I always thought that MQA has a chance of survival if one of the big players adopts it.
Now with Amazon moving to pure pcm HD, chances for MQA are rather diminishing.
I think Spotifiy and Apple have to follow Amazon Music sooner than later in offering HD music and be it just for marketing reasons.
It doesn’t look very bright for Tidal and MQA, being the only one in town offering a lossy HD format and asking a premium price.

I presume you meant tidal and mqa?

Yes, indeed. i meant Tidal.

Encoding PCM masters to MQA is not free and MQA Ltd charge considerable fee for it. Adopting pure PCM masters remove the so called ‘middle man’ which helps to keep overall cost down. Moreover, at the consumer end, DACs are more cheaper to make (no licensing fee) and have better compatibility across the board. Overall, this is healthy for the music industry. Thank goodness, it is now very obvious :blush:

I have to say, after long back and forth, last week I made the switch from Tidal to Qobuz. To be fair, I did not really hear a difference between a “half-decoded through Roon only MQA” and the equivalent Hi-Res PCM from Qobuz and I tend to like to Tidal app a little better but I agree with the above points that a non-proprietary solution is better for everyone and therefore I want to support Qobuz in their efforts.

Sorry, I don’t believe it, and no one has reliably shown MQA does it. Bob will do everything he can to convince as many people as he can that MQA is perfect. He is the used car salesman of digital formats.

@Neil_Russell No one is saying MQA always does it. The link only claims that the deficiencies of the old Sony recorder were corrected (with major effort) after the fact in this one case of the Christian Eggen Recording (much like known distortions in a satellite’s camera are corrected after the photo is transmitted to earth).

This is an indication that MQA can do it if the circumstances are right (recording chain still accessible and its fingerprint measurable, puristic recording, money for major effort available). It does not say anything about the quality of the thousands of MQA “masters”, which are just cookie cutter encodings of the same masters you find on Qobuz.

It should also be noted that correcting recording deficiencies and encoding for transmission are two completely different parts of the MQA process.

The more the marketing babble is repeated doesn’t necessarily make it more true. I don’t doubt a round of remastering is done with the “white glove treatment” but beyond that nothing more then choosing the particular filter coefficients to make it sound the “best” when upsampling is about as magical as MQA is.

What in my post are you objecting to @DrTone ?

I have expressed my scepticism about the claims of MQA as a whole many times. It’s a technology primarily designed to reduce streaming bandwith, not to increase quality. The goal is to lose as little quality as possible. That it does quite well. There’s no way it can create a signal more accurate that the original PCM master, as the PCM master is the master we are starting with. Period.

Having said that I do find it at least interesting, that this technology enables (using a white glove treatment) to correct deficiencies of a recording chain after the fact. And the result in this case does sound good. Can’t compare it to the pre-correction version, but still.
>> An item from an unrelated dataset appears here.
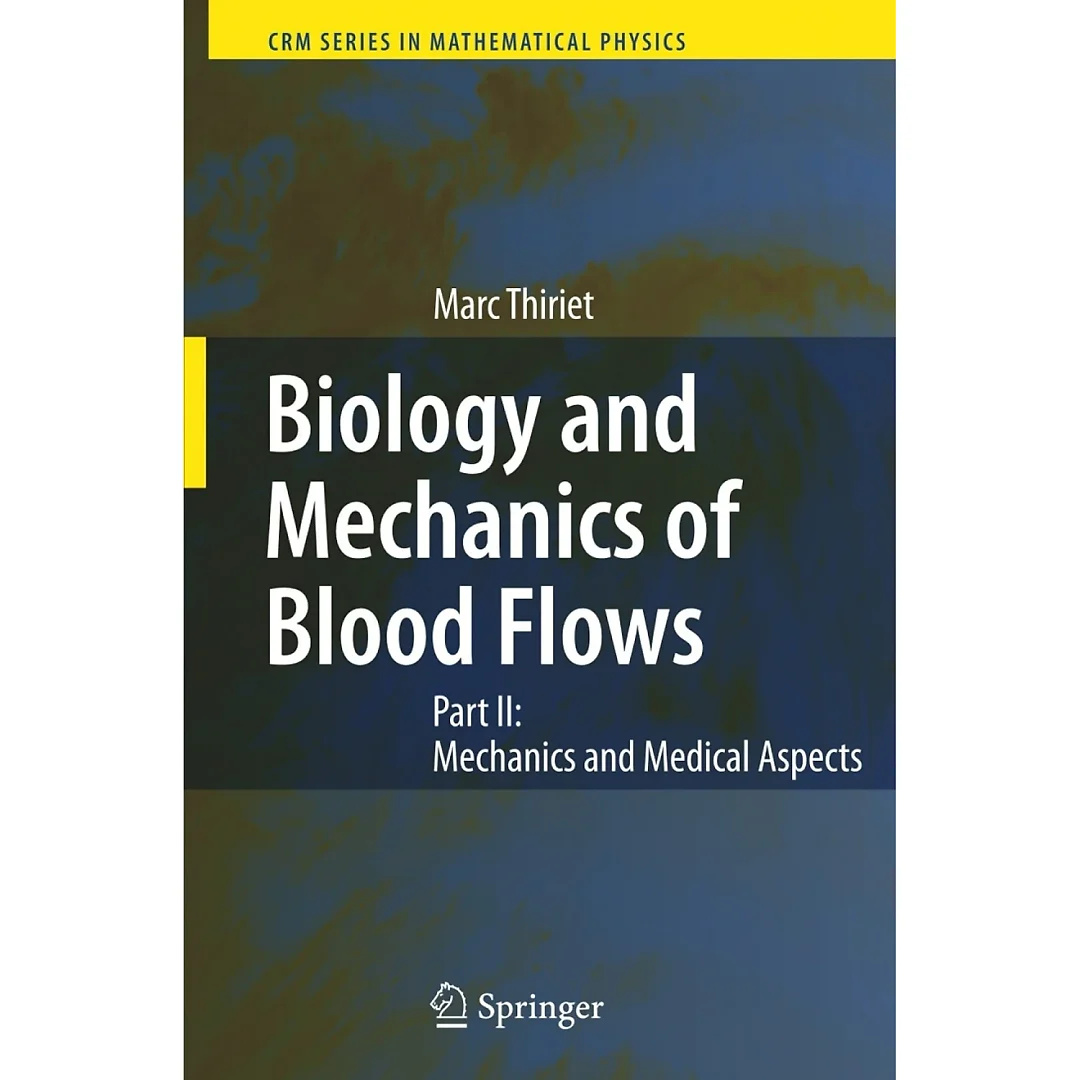 Biology and Mechanics of Blood Flows: Part II: Mechanics and Medical Aspects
You may have noted that there are only two white glove treatments on record, about one every two years. So you need not worry that this becomes widespread and turns MQA into a mass phenomenon. It will probably stay a niche limited to 2L and Tidal (until 2L finally notice it hurts their sales). Quite a closed niche too. You can’t even purchase the 24/48 MQA version of Fairytales. What you can buy from the Tidal Store is 16/44.1 MQA CD at a ridiculous 23 CHF (=23 USD). What a wasted opportunity. I just don’t get these MQA guys.

I guess the notion of fixing original ADC issues. There is really no way to prove MQA is fixing anything with regards to the original ADC after it’s pumped through the hamburger press encoding and then upsamples back to original rates. MQA sells itself on vague marketing terms.

As for the white glove treatment, it sounds just like regular remastering in the PCM domain to me.